Had President Bush fostered debate, the State Department would have made the case for continuing to contain Saddam Hussein. Had the administration investigated the likely costs of occupying and reconstructing Iraq, the arguments for continued containment would have gained additional weight. Had Rumsfeld sought military or civilian expert advice regarding the manpower requirements for stabilizing Iraq, he might have sought to increase rather than decrease the already low estimates he was getting from his field commander, General Franks. Had the White House sought to integrate lessons learned during the various nation-building efforts of the 1990s, many early missteps in Iraq could have been avoided.
To be sure, a candid appraisal of the likely costs and risks of invading Iraq would probably have leaked, gravely complicating the administration's ability to secure congressional and public support for the war. Such fears probably explain why the administration silenced Army Chief of Staff Eric Shinseki and Assistant to the President for Economic Affairs Lawrence Lindsay after they publicly aired uncomfortably high estimates of the military manpower and economic resources necessary to occupy Iraq.
President Bush is by no means the first U.S. leader to understate the likely costs of an intervention. In 1995, President Bill Clinton promised to have U.S. troops out of Bosnia in a year; they remained a full decade. Yet it is equally true that Clinton was extremely reluctant to commit forces in this and other instances and that his decisions to do so were taken only after the most exhaustive internal debates, in which almost every conceivable alternative was explored, all relevant agencies listened to, and all the downsides considered.

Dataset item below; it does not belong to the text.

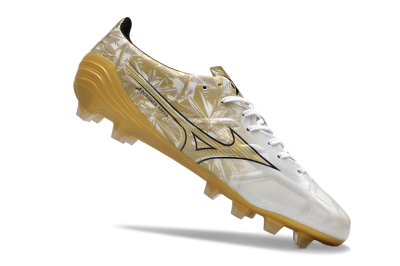 Men's Mizuno Morelia Alpha Made in Japan FG Firm Ground Low-Tops Football Boots - White/Black/Gold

There are undoubtedly costs to dependence on structured debate and disciplined dissent as aids to presidential decision-making. The process is time-consuming, the proceedings cannot be kept entirely confidential, and the ensuing public debate will be anything but disciplined. Yet a decision to go to war should be difficult, not easy. The Founding Fathers intended that these issues should be decided in open congressional deliberations. But current practice has departed so far from this model that the decision to go to war in Iraq was not even fully debated within the executive branch.
THE FOLLOWERS
Given the lack of receptivity to alternative views at the top, how much blame should be shouldered by people lower down who knew better and failed to speak up or who spoke up but failed to resign when their objections were brushed aside? Should the generals who revolted be condemned for awaiting retirement to lodge their protests? Should the nation foster a more critical climate within its military services, one in which officers are encouraged to challenge not only illegal orders but unwise ones as well?

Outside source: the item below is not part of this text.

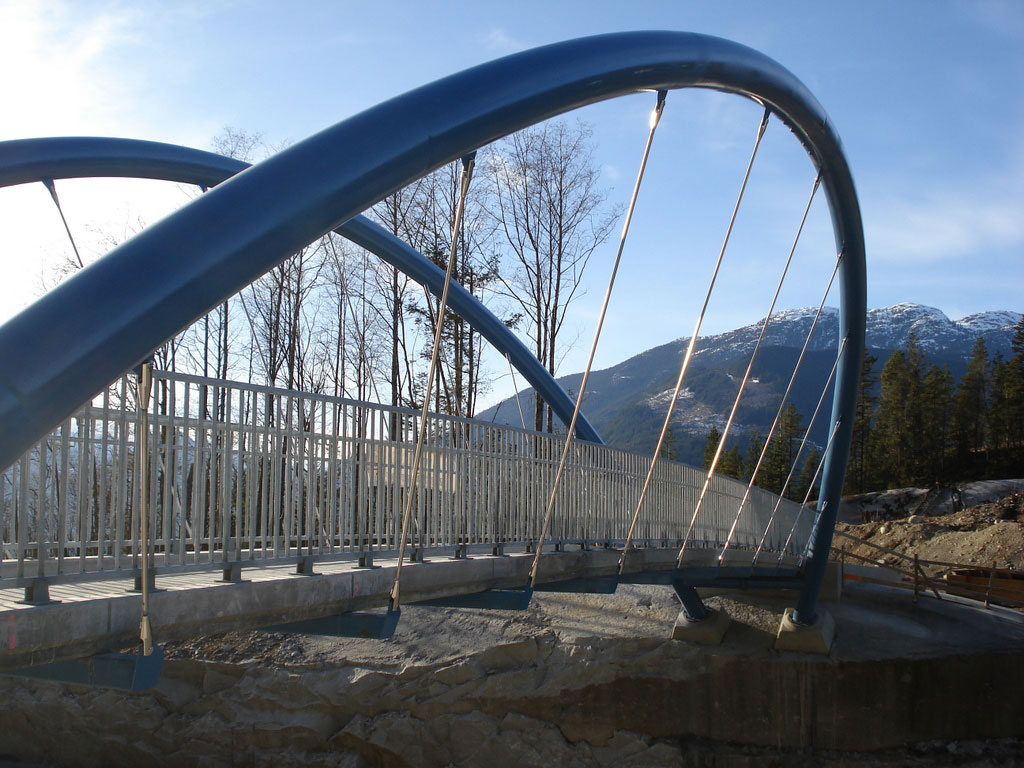 Footbridge construction by Rapid-Span near Squamish BC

Probably not. The military demands a higher degree of subordination, obedience, and discipline than other professions. Furthermore, civilian control of the military is an inviolable principle, which means that civilians should bear the chief responsibility when the military is misdirected.
If it is not the military's role to challenge lawful orders, still less is it the role of the press to manufacture controversy where none exists. In a democracy, the primary responsibility for opposing or at least critically examining the case for war falls on the opposition party. If the opposition chooses to duck that responsibility, as the Democrats largely did when the issue was put to them in late 2002, it is hard to fault the press for not stepping in to fill the void.

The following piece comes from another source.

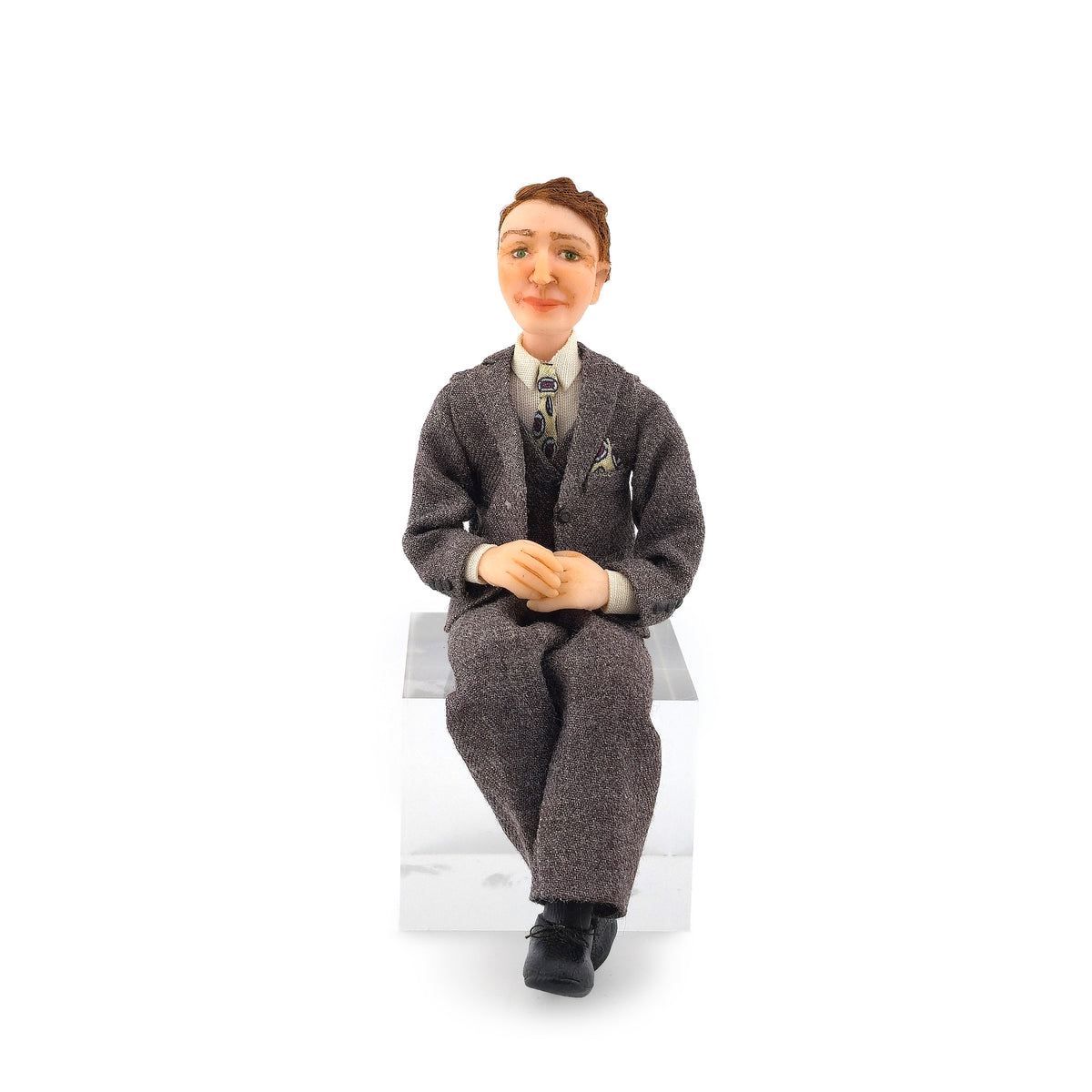 Clay 1920s Gentleman Doll in Charcoal Tweed Three-Piece Suit Seated Pose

Much criticism has been leveled at the Bush administration's reliance on young, inexperienced ideologues to staff junior positions within the Coalition Provisional Authority. But this is hardly the primary example of political patronage undermining professional expertise. Bremer filled nearly all the senior jobs in Iraq with seasoned professionals and only turned to the White House patronage machine when the administration proved unable to staff the more junior posts with career professionals. In Washington, it is not the junior but the most senior and influential positions that are filled by individuals chosen primarily for their ideological convictions and personal loyalty.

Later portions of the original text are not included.